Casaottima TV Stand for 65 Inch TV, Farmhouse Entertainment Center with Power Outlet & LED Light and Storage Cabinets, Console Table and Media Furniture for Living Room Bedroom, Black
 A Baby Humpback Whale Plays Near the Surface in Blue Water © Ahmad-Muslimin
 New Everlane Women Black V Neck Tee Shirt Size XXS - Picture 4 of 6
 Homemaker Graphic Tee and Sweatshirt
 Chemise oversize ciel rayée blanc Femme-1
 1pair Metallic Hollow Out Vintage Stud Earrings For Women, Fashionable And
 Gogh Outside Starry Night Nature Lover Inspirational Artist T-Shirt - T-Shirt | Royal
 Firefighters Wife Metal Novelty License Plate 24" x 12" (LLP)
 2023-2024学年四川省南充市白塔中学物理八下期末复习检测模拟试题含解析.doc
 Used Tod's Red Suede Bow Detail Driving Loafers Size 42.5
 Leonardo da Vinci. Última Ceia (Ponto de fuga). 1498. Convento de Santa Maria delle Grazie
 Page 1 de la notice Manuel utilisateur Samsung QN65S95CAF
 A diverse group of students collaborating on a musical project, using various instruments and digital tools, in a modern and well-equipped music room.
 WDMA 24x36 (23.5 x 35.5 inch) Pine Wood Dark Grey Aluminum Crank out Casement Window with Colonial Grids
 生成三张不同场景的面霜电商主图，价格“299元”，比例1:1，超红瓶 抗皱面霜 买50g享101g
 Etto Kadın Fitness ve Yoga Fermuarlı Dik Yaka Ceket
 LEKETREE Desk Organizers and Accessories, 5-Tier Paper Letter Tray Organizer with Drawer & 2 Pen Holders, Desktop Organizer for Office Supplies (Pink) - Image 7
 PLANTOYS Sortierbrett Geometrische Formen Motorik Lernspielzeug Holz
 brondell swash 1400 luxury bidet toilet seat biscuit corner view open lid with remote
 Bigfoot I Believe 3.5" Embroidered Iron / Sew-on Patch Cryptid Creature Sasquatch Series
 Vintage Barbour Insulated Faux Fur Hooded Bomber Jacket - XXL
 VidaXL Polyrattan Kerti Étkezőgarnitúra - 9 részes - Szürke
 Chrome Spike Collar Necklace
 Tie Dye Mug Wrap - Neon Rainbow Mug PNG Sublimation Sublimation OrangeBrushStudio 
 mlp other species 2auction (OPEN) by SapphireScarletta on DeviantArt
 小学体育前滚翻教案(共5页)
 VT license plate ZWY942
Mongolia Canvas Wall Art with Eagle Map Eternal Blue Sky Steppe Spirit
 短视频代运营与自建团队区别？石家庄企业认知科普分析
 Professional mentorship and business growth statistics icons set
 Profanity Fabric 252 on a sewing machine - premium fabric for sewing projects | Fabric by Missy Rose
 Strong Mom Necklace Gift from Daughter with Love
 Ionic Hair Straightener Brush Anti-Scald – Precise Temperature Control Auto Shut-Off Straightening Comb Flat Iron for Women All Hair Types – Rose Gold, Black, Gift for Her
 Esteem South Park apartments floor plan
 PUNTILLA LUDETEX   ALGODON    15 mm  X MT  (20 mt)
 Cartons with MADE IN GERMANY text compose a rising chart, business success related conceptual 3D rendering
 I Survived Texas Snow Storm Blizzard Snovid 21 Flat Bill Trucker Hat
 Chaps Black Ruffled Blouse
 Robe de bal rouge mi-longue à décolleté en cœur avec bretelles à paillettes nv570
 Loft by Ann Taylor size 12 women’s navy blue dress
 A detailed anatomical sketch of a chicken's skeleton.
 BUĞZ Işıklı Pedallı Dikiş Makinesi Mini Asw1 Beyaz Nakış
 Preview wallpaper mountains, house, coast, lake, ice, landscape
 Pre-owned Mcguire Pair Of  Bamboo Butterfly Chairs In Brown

----

Your objective
The lines above from the one with "Cartons with MADE" through the one with "Preview wallpaper mountains, house, coast, lake, ice, landscape" are to be duplicated exactly, ends included, with nothing added.

Answer to the problem
 Cartons with MADE IN GERMANY text compose a rising chart, business success related conceptual 3D rendering
 I Survived Texas Snow Storm Blizzard Snovid 21 Flat Bill Trucker Hat
 Chaps Black Ruffled Blouse
 Robe de bal rouge mi-longue à décolleté en cœur avec bretelles à paillettes nv570
 Loft by Ann Taylor size 12 women’s navy blue dress
 A detailed anatomical sketch of a chicken's skeleton.
 BUĞZ Işıklı Pedallı Dikiş Makinesi Mini Asw1 Beyaz Nakış
 Preview wallpaper mountains, house, coast, lake, ice, landscape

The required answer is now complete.